Adams Jose A, Uryash Arkady, Lopez Jose R
Division of Neonatology, Mount Sinai Medical Center, Miami Beach, FL 33140, USA.
Department of Research, Mount Sinai Medical Center, Miami Beach, FL 33140, USA.
Biomedicines. 2022 Nov 28;10(12):3050. doi: 10.3390/biomedicines10123050.

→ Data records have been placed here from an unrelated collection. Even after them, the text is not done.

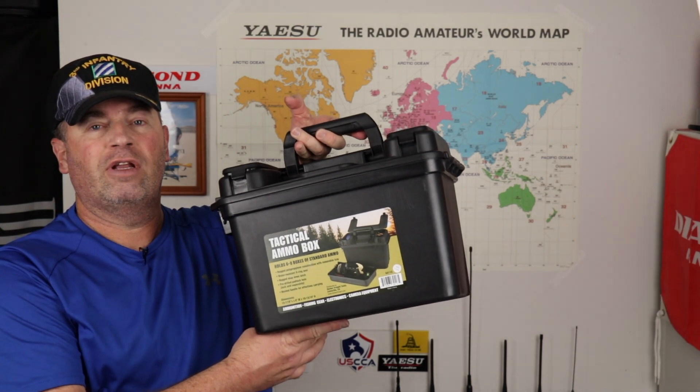Hi, it's Craig, WJ6F. In this video, I'm going to show you how to turn this ammo box from Harbor Freight into a battery box for your Bionno battery. We'll get started right after this.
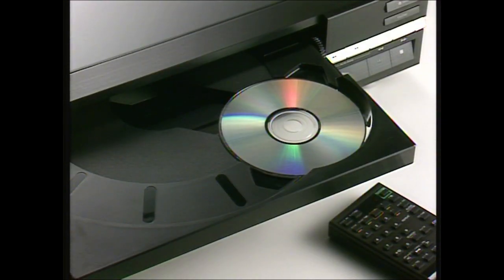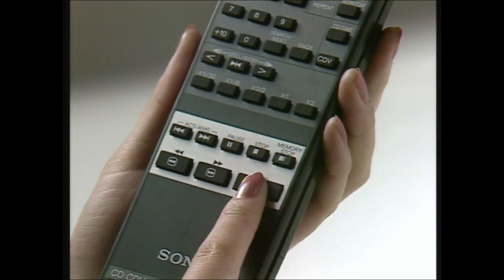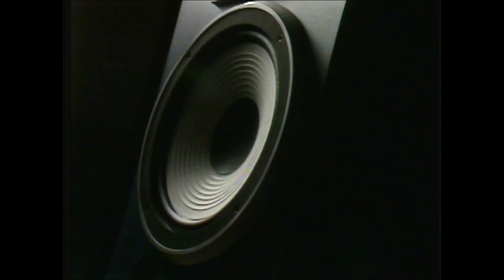The multi-disc player offers superlative sound, too. That's because a four-times digital oversampling filter and dual DA converter system all but do away with distortion, so you only hear what you're supposed to hear. Crystal clear highs, rich deep lows.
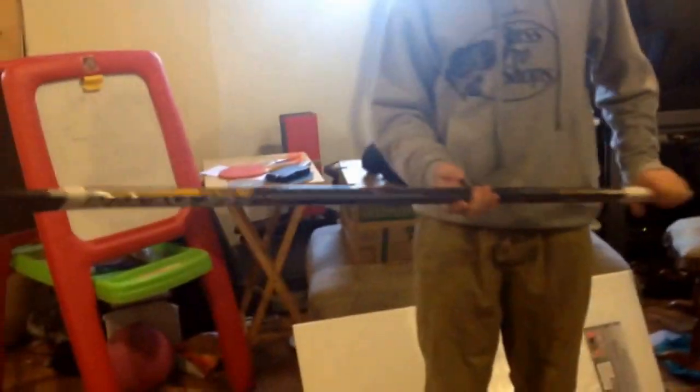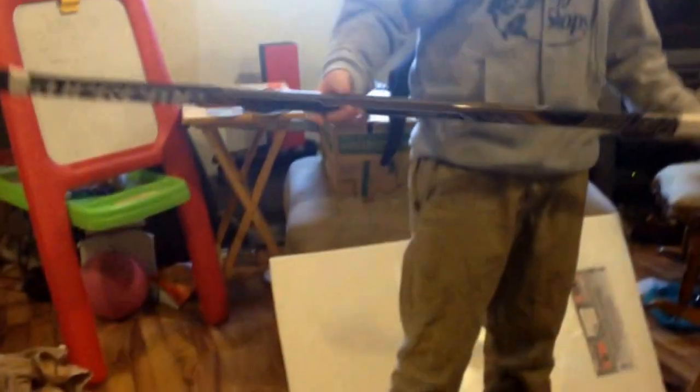I don't buy expensive sticks just in case they break. So I have the Bauer Supreme 170, P88. It was 68 flex but I had to cut it down, so it's probably like 70-something.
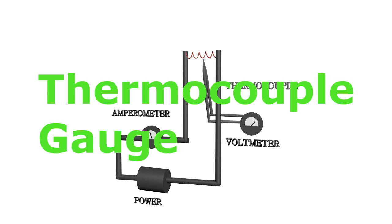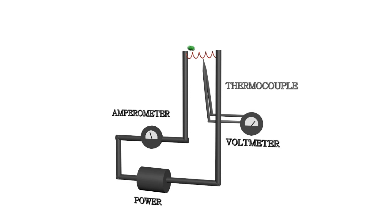Hey, what's going on? The thermocouple gauge is a simple device used for measuring low vacuum. In this device, a filament is heated up by passing constant current through it. When gas molecules interact with the filament, heat is carried away.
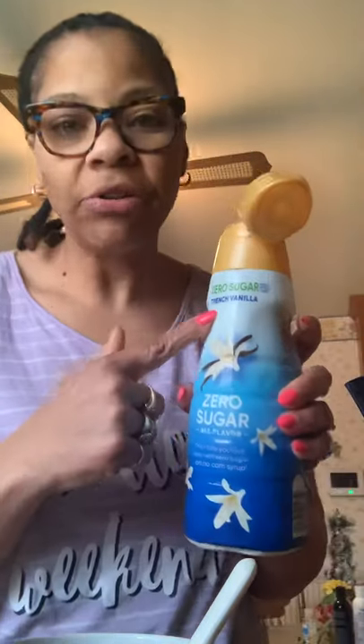My chocolate skinny syrup — I like sugar and I like to taste mine, so I put about six pumps in here. I stir it up. I also use a zero sugar creamer.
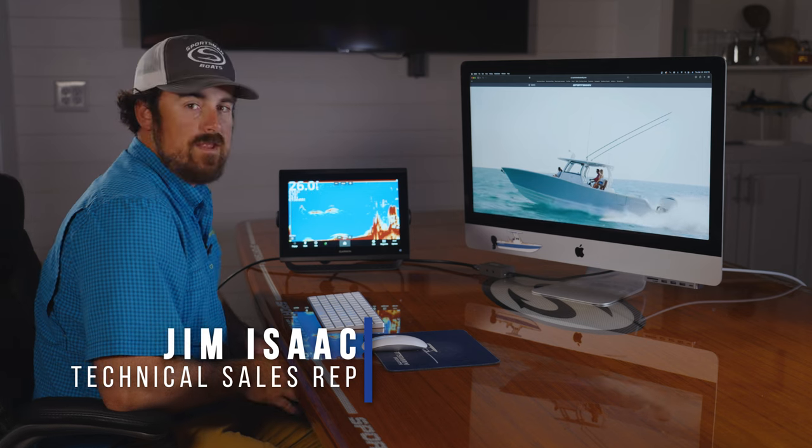Welcome to Sportsman Tech Talk. My name is Jim Isaac and today we're going to be going over how to read and adjust your sonar.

The monolayer of cells that line both the heart and the entire vasculature is the endothelial cell (EC). These cells respond to external and internal signals, producing a wide array of primary or secondary messengers involved in coagulation, vascular tone, inflammation, and cell-to-cell signaling. Endothelial cell activation is the process by which EC changes from a quiescent cell phenotype, which maintains cellular integrity, antithrombotic, and anti-inflammatory properties, to a phenotype that is prothrombotic, pro-inflammatory, and permeable, in addition to repair and leukocyte trafficking at the site of injury or infection. Pathological activation of EC leads to increased vascular permeability, thrombosis, and an uncontrolled inflammatory response that leads to endothelial dysfunction. This pathological activation can be observed during ischemia reperfusion injury (IRI) and sepsis. Shear stress (SS) and pulsatile shear stress (PSS) are produced by mechanical frictional forces of blood flow and contraction of the heart, respectively, and are well-known mechanical signals that affect EC function, morphology, and gene expression. PSS promotes EC homeostasis and cardiovascular health. The archetype of inducing PSS is exercise (i.e., jogging, which introduces pulsations to the body as a function of the foot striking the pavement), or mechanical devices which induce external pulsations to the body (Enhanced External Pulsation (EECP), Whole-body vibration (WBV), and Whole-body periodic acceleration (WBPA aka pGz)). The purpose of this narrative review is to focus on the aforementioned noninvasive methods to increase PSS, review how each of these modify specific diseases that have been shown to induce endothelial activation and microcirculatory dysfunction (Ischemia reperfusion injury-myocardial infarction and cardiac arrest and resuscitation), sepsis, and lipopolysaccharide-induced sepsis syndrome (LPS)), and review current evidence and insight into how each may modify endothelial activation and how these may be beneficial in the acute and chronic setting of endothelial activation and microvascular dysfunction.
构成心脏和整个脉管系统内壁的单层细胞是内皮细胞(EC)。这些细胞对外界和内部信号作出反应,产生一系列参与凝血、血管张力、炎症和细胞间信号传导的一级或二级信使。内皮细胞激活是指内皮细胞从维持细胞完整性、抗血栓形成和抗炎特性的静止细胞表型转变为促血栓形成、促炎和具有通透性的表型的过程,此外还涉及损伤或感染部位的修复和白细胞运输。内皮细胞的病理性激活会导致血管通透性增加、血栓形成以及导致内皮功能障碍的失控性炎症反应。这种病理性激活在缺血再灌注损伤(IRI)和脓毒症期间可以观察到。剪切应力(SS)和脉动剪切应力(PSS)分别由血流的机械摩擦力和心脏收缩产生,是影响内皮细胞功能、形态和基因表达的著名机械信号。PSS促进内皮细胞稳态和心血管健康。诱导PSS的典型方式是运动(即慢跑,随着脚与路面接触,身体会产生脉动),或向身体施加外部脉动的机械设备(增强型体外反搏(EECP)、全身振动(WBV)和全身周期性加速(WBPA,又名pGz))。本叙述性综述的目的是聚焦于上述增加PSS的非侵入性方法,回顾每种方法如何改善已被证明会诱导内皮激活和微循环功能障碍的特定疾病(缺血再灌注损伤——心肌梗死、心脏骤停与复苏)、脓毒症以及脂多糖诱导的脓毒症综合征(LPS),并回顾当前关于每种方法如何改善内皮激活以及在急性和慢性内皮激活及微血管功能障碍情况下这些方法可能如何有益的证据和见解。